**Work request**
From the entries below, report how many lines contain the string "Women". Give only that number.

**Exercise material**
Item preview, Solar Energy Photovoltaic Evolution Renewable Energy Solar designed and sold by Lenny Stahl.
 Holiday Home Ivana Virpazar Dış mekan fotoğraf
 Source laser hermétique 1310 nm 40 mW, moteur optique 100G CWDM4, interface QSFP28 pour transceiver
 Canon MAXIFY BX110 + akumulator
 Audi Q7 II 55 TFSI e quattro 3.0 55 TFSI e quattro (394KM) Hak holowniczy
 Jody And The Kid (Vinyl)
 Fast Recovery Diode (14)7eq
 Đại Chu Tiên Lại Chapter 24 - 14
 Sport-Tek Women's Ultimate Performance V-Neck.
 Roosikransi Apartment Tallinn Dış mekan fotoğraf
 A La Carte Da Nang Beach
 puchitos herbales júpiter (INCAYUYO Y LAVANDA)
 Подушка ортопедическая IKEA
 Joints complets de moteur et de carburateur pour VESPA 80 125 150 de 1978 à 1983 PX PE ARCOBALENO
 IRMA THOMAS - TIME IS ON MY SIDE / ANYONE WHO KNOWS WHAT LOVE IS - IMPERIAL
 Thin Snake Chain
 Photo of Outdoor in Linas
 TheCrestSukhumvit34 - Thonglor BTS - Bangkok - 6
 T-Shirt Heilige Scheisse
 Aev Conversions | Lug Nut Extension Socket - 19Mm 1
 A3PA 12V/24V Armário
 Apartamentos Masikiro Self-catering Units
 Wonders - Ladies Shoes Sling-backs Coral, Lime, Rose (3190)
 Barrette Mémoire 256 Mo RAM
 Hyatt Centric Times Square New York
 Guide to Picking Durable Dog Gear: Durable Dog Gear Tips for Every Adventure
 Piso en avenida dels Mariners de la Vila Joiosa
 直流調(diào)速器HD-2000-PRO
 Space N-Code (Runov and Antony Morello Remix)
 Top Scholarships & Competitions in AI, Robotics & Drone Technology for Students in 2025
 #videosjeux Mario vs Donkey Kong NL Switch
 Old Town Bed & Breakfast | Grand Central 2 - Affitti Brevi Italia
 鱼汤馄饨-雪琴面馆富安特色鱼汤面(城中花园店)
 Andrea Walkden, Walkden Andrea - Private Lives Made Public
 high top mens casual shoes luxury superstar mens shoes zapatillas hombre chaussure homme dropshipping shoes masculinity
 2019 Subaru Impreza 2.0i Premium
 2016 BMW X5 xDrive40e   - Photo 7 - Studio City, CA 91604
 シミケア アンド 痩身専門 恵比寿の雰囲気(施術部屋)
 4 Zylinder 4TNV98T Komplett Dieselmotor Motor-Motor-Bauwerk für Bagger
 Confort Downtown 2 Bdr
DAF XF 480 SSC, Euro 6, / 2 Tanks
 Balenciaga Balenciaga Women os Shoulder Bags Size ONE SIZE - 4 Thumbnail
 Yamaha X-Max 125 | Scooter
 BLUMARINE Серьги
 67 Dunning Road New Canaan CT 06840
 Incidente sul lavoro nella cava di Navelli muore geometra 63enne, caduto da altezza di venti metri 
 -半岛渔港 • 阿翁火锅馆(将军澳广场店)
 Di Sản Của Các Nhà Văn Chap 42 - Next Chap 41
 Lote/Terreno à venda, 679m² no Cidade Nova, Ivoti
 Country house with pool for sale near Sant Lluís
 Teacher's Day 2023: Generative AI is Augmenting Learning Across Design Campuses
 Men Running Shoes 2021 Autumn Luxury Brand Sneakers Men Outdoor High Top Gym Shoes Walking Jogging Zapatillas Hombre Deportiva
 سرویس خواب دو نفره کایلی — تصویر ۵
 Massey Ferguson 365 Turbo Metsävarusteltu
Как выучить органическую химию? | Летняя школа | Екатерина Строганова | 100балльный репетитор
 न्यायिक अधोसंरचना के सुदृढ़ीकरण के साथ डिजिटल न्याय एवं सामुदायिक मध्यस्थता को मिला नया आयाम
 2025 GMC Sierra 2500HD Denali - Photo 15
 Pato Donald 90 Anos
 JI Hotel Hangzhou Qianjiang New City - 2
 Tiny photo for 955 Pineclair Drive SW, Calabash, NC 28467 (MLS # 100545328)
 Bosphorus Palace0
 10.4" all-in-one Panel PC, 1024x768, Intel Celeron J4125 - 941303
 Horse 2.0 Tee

**Exercise response**
2